1.6.2 Method B—The percentage (by mass) passing each sieve size is recorded to the nearest 0.1 %. This method is only applicable for single sieve-set sieving and when the maximum particle size is equal to or less than the No. 4 (4.75-mm) sieve.
1.7 This test method does not cover, in any detail, procurement of the sample. It is assumed that the sample is obtained using appropriate methods and is representative.
1.8 Sample Processing—Three procedures (moist, air dry, and oven dry) are provided to process the sample to obtain a specimen. The procedure selected will depend on the type of sample, the maximum particle-size in the sample, the range of particle sizes, the initial conditions of the material, the plasticity of the material, the efficiency, and the need for other testing on the sample. The procedure may be specified by the requesting authority; otherwise the guidance given in Section 10 shall be followed.
1.9 This test method typically requires two or three days to complete, depending on the type and size of the sample and soil type.
1.10 This test method is not applicable for the following soils:
1.10.1 Soils containing fibrous peat that will change in particle size during the drying, washing, or sieving procedure.
1.10.2 Soils containing extraneous matter, such as organic solvents, oil, asphalt, wood fragments, or similar items. Such extraneous matter can affect the washing and sieving procedures.
1.10.3 Materials that contain cementitious components, such as cement, fly ash, lime, or other stabilization admixtures.
1.11 This test method may not produce consistent test results within and between laboratories for the following soils and the precision statement does not apply to them.
1.11.1 Friable soils in which the sieving processes change the gradation of the soil. Typical examples of these soils are some residual soils, most weathered shales and some weakly cemented soils such as hardpan, caliche or coquina.
1.11.2 Soils that will not readily disperse such as glauconitic clays or some dried plastic clays.
1.11.3 To test these soils, this test method must be adapted, or altered, and these alterations documented. Depending on the design considerations, a specialized gradation-testing program could be performed. The alterations could require the washing and sieving procedures to be standardized such that each specimen would be processed in a similar manner.
1.12 Some materials that are not soils, but are made up of particles may be tested using this method. However, the applicable sections above should be used in applying this standard.
1.13 All observed and calculated values shall conform to the guidelines for significant digits and rounding established in Practice D 6026
1.13.1 The procedures used to specify how data are collected/recorded and calculated in this standard are regarded as the industry standard. In addition, they are representative of the significant digits that generally should be retained. The procedures used do not consider material variation, purpose for obtaining the data, special purpose studies, or any considerations for the user's objectives; and it is common practice to increase or reduce significant digits of reported data to be commensurate with these considerations. It is beyond the scope of these test methods to consider significant digits used in analysis methods for engineering design.

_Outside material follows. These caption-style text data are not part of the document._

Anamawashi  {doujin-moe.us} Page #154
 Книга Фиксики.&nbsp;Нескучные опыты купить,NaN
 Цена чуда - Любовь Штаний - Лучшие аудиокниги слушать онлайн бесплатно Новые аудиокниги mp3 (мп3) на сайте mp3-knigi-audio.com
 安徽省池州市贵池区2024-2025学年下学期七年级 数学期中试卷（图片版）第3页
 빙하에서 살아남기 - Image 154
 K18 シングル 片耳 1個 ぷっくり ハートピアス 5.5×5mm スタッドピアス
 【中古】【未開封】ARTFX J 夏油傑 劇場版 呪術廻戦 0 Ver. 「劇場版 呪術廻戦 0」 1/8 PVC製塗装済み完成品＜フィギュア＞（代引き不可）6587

1.14 Units—The dimensional values stated in either SI units or inch-pound units are to be regarded as standard, such as 200-mm or 8-in. diameter sieve. Except, the sieve designations are typically identified using the “alternative” system in accordance with Practice E 11
1.15 A summary of the symbols used in this test method is given in Annex A1.
1.16 This standard does not purport to address all of the safety concerns, if any, associated with its use. It is the responsibility of the user of this standard to establish appropriate safety and health practices and determine the applicability of regulatory limitations prior to use.